- [Task prompt]: All the data should be printed again exactly as written.

- [Information given]:
════════════════

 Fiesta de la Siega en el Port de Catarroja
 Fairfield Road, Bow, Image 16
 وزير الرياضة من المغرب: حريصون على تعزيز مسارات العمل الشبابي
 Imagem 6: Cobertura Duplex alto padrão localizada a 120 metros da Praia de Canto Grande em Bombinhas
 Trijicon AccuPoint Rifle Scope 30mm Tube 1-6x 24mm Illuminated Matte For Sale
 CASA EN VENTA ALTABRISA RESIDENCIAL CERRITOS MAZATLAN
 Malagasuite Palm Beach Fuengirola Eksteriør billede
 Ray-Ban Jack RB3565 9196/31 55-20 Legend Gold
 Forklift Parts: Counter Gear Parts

════════════════

- [Output]:
 Fiesta de la Siega en el Port de Catarroja
 Fairfield Road, Bow, Image 16
 وزير الرياضة من المغرب: حريصون على تعزيز مسارات العمل الشبابي
 Imagem 6: Cobertura Duplex alto padrão localizada a 120 metros da Praia de Canto Grande em Bombinhas
 Trijicon AccuPoint Rifle Scope 30mm Tube 1-6x 24mm Illuminated Matte For Sale
 CASA EN VENTA ALTABRISA RESIDENCIAL CERRITOS MAZATLAN
 Malagasuite Palm Beach Fuengirola Eksteriør billede
 Ray-Ban Jack RB3565 9196/31 55-20 Legend Gold
 Forklift Parts: Counter Gear Parts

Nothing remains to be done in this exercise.